### Task to complete
Your task is to print all of the data below exactly, with no pictures included.

### Data block
------------------------------------

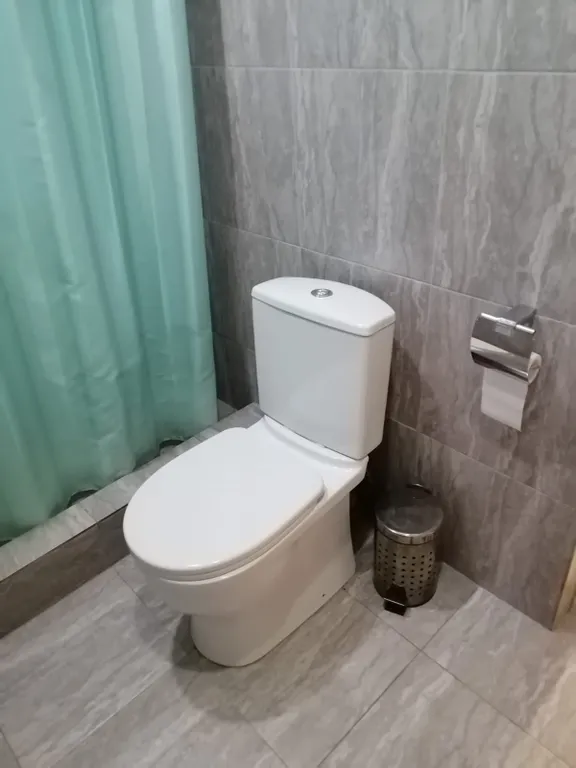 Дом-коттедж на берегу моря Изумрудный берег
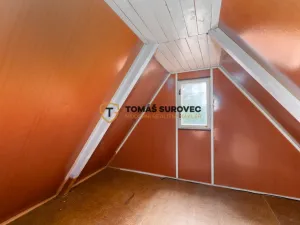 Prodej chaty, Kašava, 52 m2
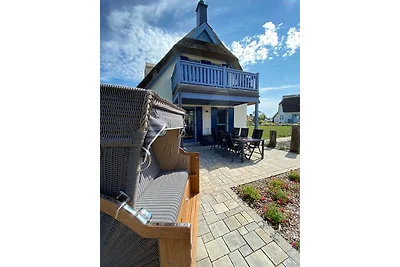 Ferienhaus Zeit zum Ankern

------------------------------------

### Result
 Дом-коттедж на берегу моря Изумрудный берег
 Prodej chaty, Kašava, 52 m2
 Ferienhaus Zeit zum Ankern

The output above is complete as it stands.